Mais soyons sérieux deux secondes. Block n’est pas la première boîte à virer du monde en invoquant l’IA. C’est même devenu un classique du genre : tu annonces un plan de « réorganisation stratégique » pour « intégrer des outils d’intelligence artificielle », tu communiques sur les gains d’efficacité, et hop, tu te débarrasses de milliers de postes. La différence ici, c’est l’échelle : près de la moitié de l’effectif, c’est du lourd. Et c’est Jack Dorsey, le gourou tech qui passe son temps à méditer et à tweeter des trucs cryptiques, qui s’y colle.
Le truc qui me fait sourire, c’est la timeline. Dorsey dit que « la plupart des entreprises sont en retard » pour réaliser l’impact de la tech sur l’emploi. Sauf que… tout le monde en parle depuis des années. Les rapports du MIT, les études du World Economic Forum, les prédictions des experts — c’est pas exactement une nouveauté. Mais bon, quand c’est toi qui le dis sur ton propre réseau social, ça fait plus « visionnaire » que « répétition du discours dominant ».
Et puis, il y a la question de l’exécution. Virer 4 000 personnes, c’est une chose. Les remplacer par des IA qui fonctionnent vraiment, c’en est une autre. Combien de ces « outils IA » sont des ChatGPT wrappés dans une interface custom ? Combien vont réellement tenir leurs promesses sans créer plus de problèmes qu’ils n’en résolvent ? L’histoire récente est pleine d’exemples où l’automatisation a déplacé les coûts plutôt que de les supprimer — pense aux centres d’appel automatisés qui renvoient vers des humains dès que ça devient compliqué.

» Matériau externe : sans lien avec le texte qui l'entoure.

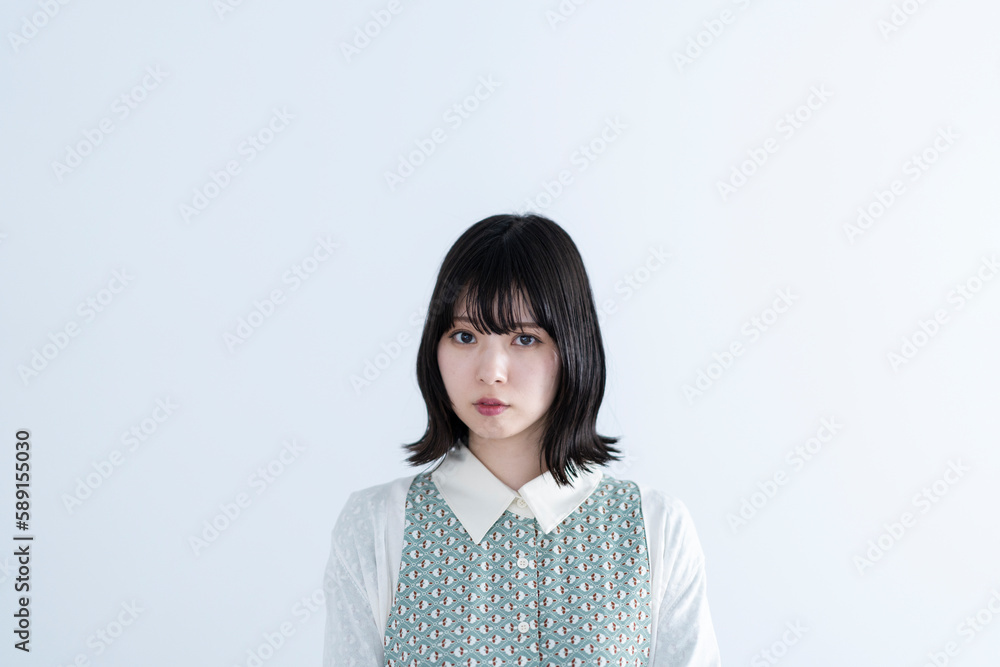 ショートヘアの女性 ショートヘアの女性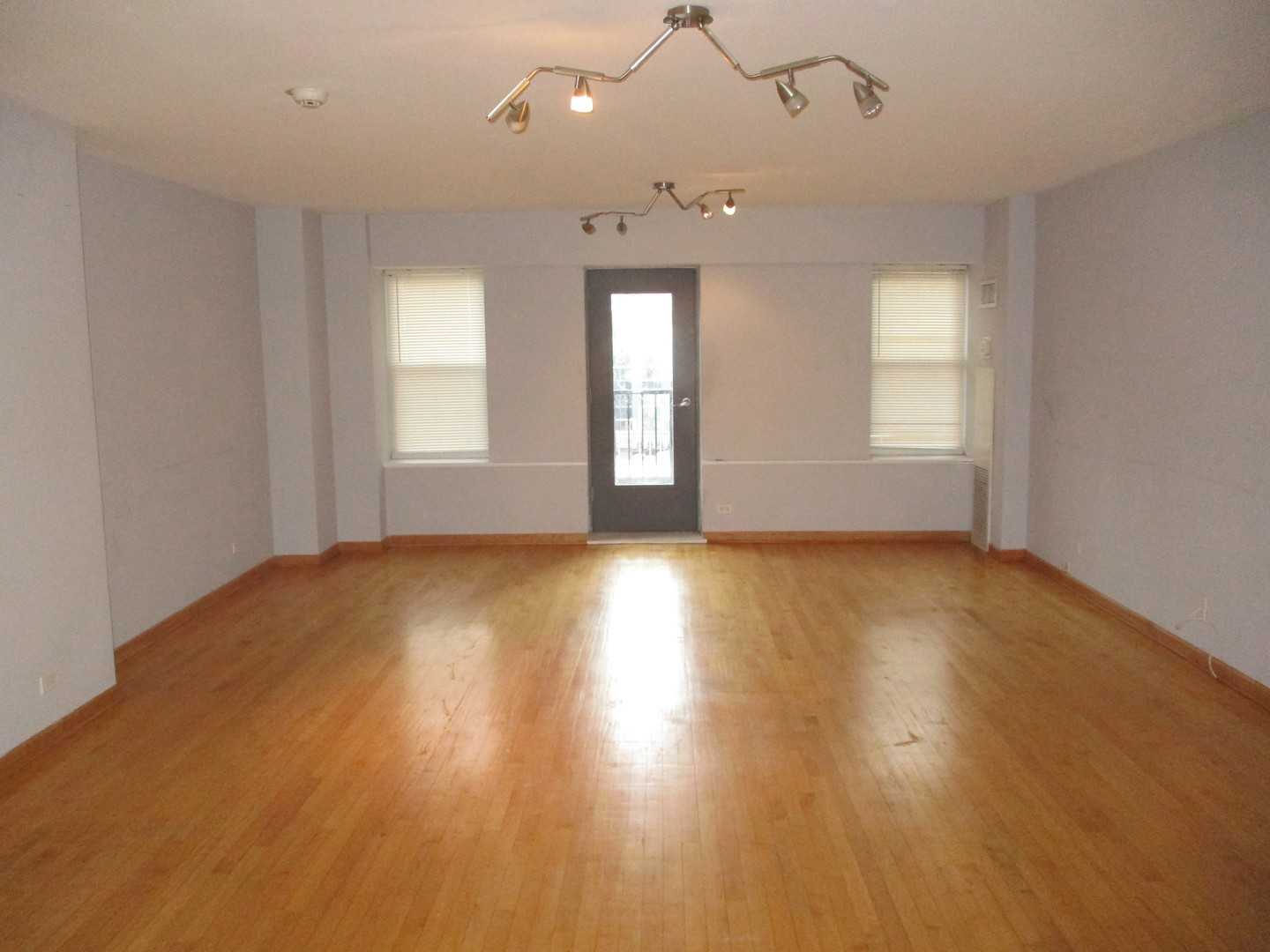 40 E 9th Street 1310c Property Photo 9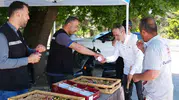 Düzce Belediyesi mezarlık ziyaretçilerini ikramlarla karşıladı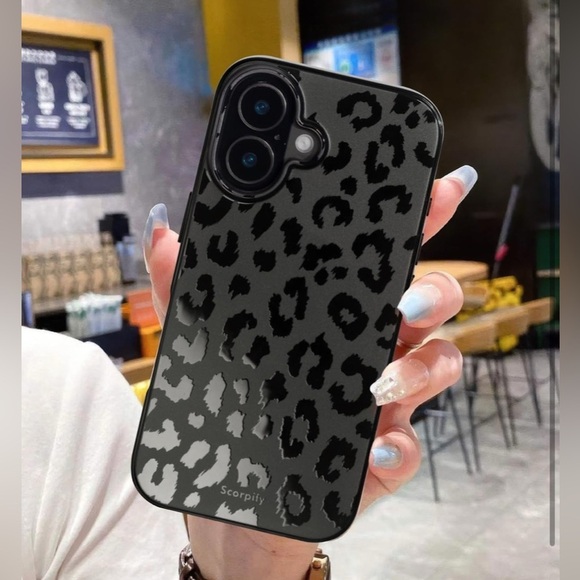 iPhone 16 PL Matte Black Leopard Cheetah Print Magnetic Case Cover Cute NIB - Picture 5 of 16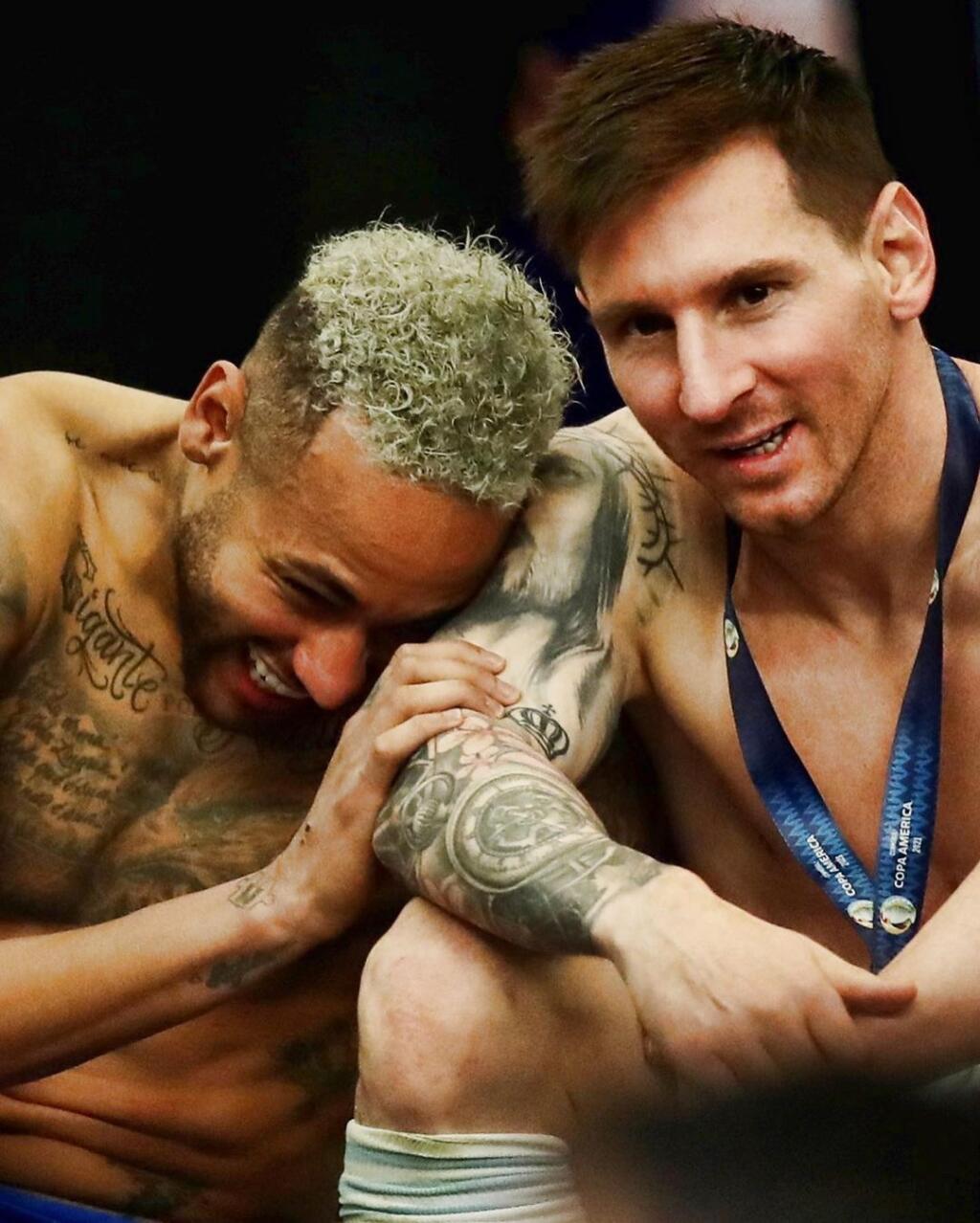 V útrobách štadióna sa usmial nakoniec aj Neymar pritom, ako sa rozprával so svojim dobrým priateľom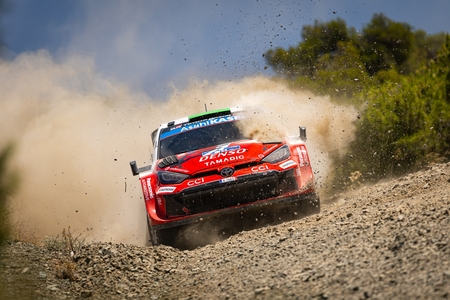 Rajd Akropolu WRC: Sébastien Ogier wygrywa, podwójne podium TOYOTA GAZOO Racing WRT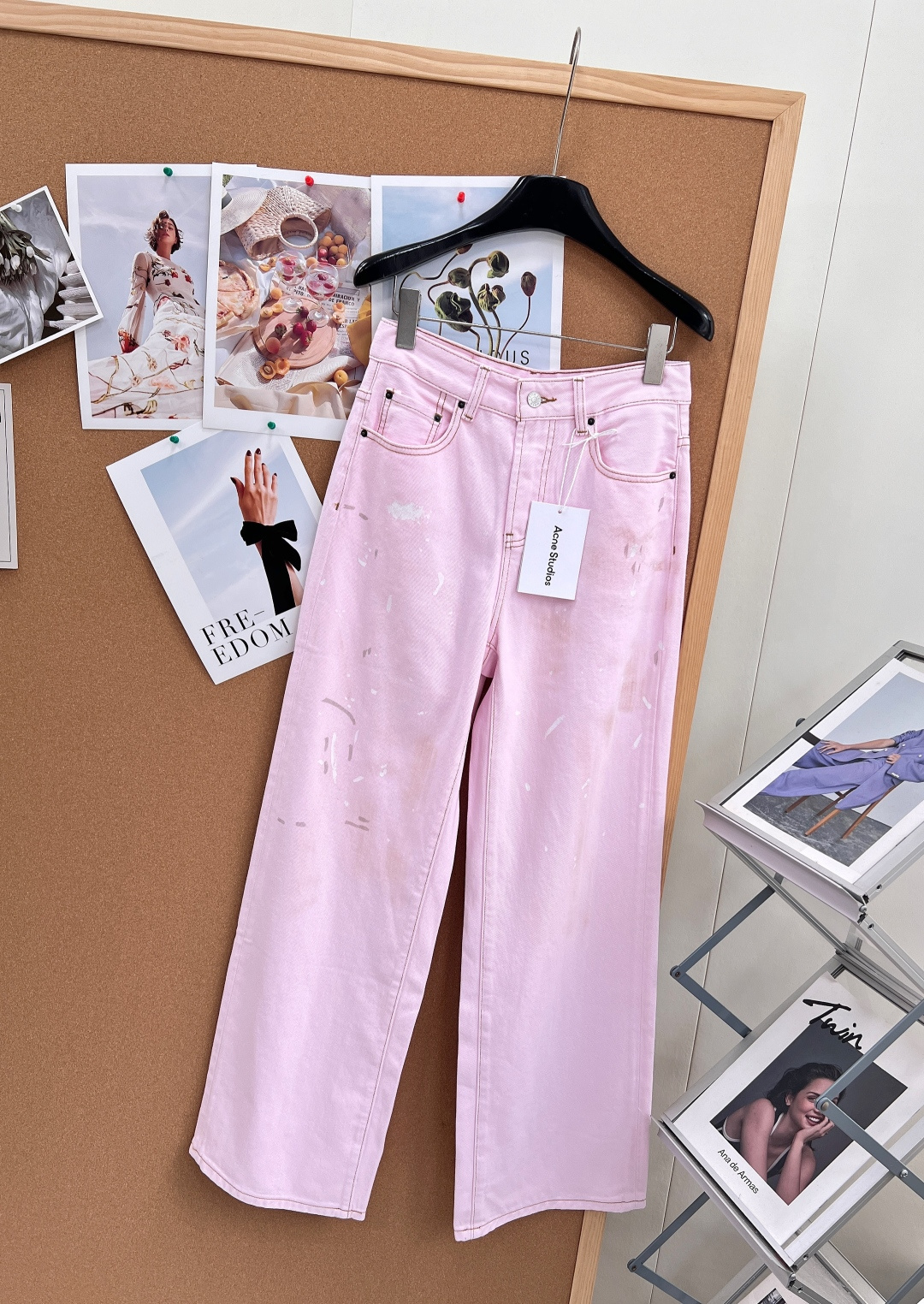 🆕Acne Studios 2026春夏限定粉色泼墨脏脏阔腿长裤甜系粉调牛仔融合随性泼墨做旧工艺，复古废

Dorsey joue un double jeu classique : d’un côté, il prêche la disruption et l’innovation. De l’autre, il applique une vieille recette capitaliste (réduire les coûts de main-d’œuvre) en lui donnant un habillage tech sexy. Les actionnaires adorent, les employés trinquent, et la presse tech refait le coup du « l’IA va changer le monde du travail ». Sauf que cette fois, c’est pas une prédiction vague — c’est 4 000 vies concrètes qui prennent un virage abrupt.
La vraie question, c’est : est-ce que Block va vraiment devenir plus innovant, ou est-ce que c’est juste un coup de rabot comptable déguisé en révolution ? L’action à +25% suggère que Wall Street penche pour la deuxième option. Mais bon, dans un an, quand Dorsey annoncera les résultats, on verra si les IA de Block génèrent des revenus ou des communiqués de presse.
En attendant, prépare-toi à une année 2026 pleine d’annonces similaires. Chaque CEO qui veut faire monter son cours d’action va sortir le joker « on optimise grâce à l’IA ». Et comme d’habitude, ce seront les mêmes qui encaisseront les bonus pendant que d’autres mettront à jour leur CV. L’IA, assistant pas remplaçant ? Chez Block, visiblement, on a sauté l’étape « assistant ».